In [None]:
import numpy as np
import pandas as pd
import matplotlib.pyplot as plt
%matplotlib inline
import seaborn as sns
import re


In [None]:
train_data = pd.read_json('train.json', orient='index')
test_data = pd.read_json('test.json', orient='index')

In [None]:
train_data.head(10)

In [None]:
train_data.reset_index(level=0, inplace=True)
train_data.rename(columns={'segment':'target', 'index':'ID'}, inplace=True)
train_data.replace({'target':{'neg':0,'pos':1}}, inplace=True)

In [None]:
test_data.reset_index(level=0, inplace=True)
test_data.rename(columns={'index':'ID'}, inplace=True)

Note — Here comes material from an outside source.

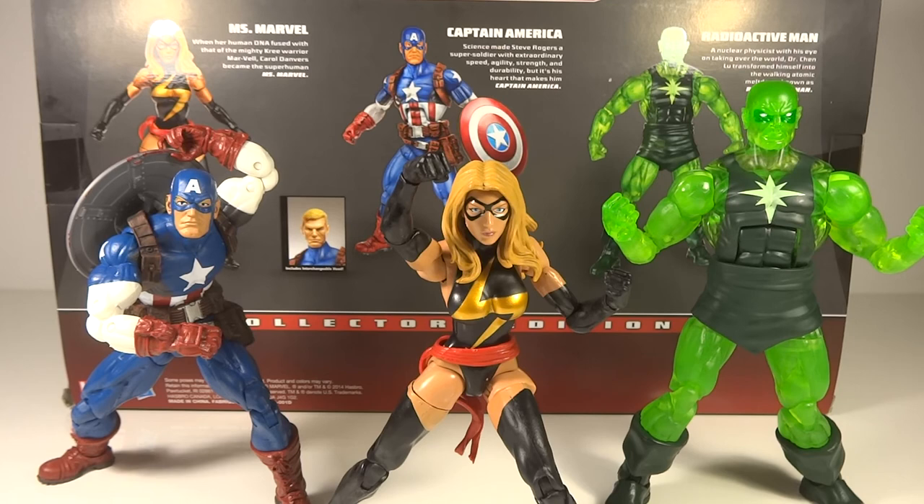It's a $50 pack. Considering these guys alone would be $20 a piece, but if sold separately they'd most likely come with Build-A-Figure pieces, so you've got to weigh how much it's worth. Overall, Captain America is somewhat of a worthless figure, but Ms. Marvel and Radioactive Man are great. For me, definitely worth it. If you like to pick and choose your Marvel Legends characters this might not be the best set, but if you like variety and you're a fan of the toy line in general, this is definitely going to be a good one. That's my review of the Marvel Legends Infinite Series Collector's Edition three-pack with Ms. Marvel, Captain America, and Radioactive Man. Thanks so much for watching.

## Retrieving Genre Names & Creating columns for Each genre

In [None]:
train_data['genre_list']=[re.sub(pattern='\:\d+', repl='', string=x) for x in train_data['genres']]
train_data['genre_list']=train_data['genre_list'].apply(lambda x: x.split(',')) 
#[x.split(',') for x in train_data['genre_list']]- It will work in same manner only diff is it returns list

In [None]:
test_data['genre_list'] = [re.sub(pattern='\:\d+', repl='', string=x) for x in test_data['genres'] ]
test_data['genre_list'] = test_data['genre_list'].apply(lambda x: x.split(','))

In [None]:
k=train_data['genre_list'].apply(frozenset)  #Frozensets of genre for each row
t1 = frozenset.union(*k)                     #set of genres(union of frozen sets)
for i in t1:
    train_data[i] = train_data['genre_list'].apply(lambda x: int(i in x))

In [None]:
k=test_data['genre_list'].apply(frozenset)  #Frozensets of genre for each row
t2 = frozenset.union(*k)                    #set of genres(union of frozen sets)
for i in t2:
    test_data[i] = test_data['genre_list'].apply(lambda x: int(i in x))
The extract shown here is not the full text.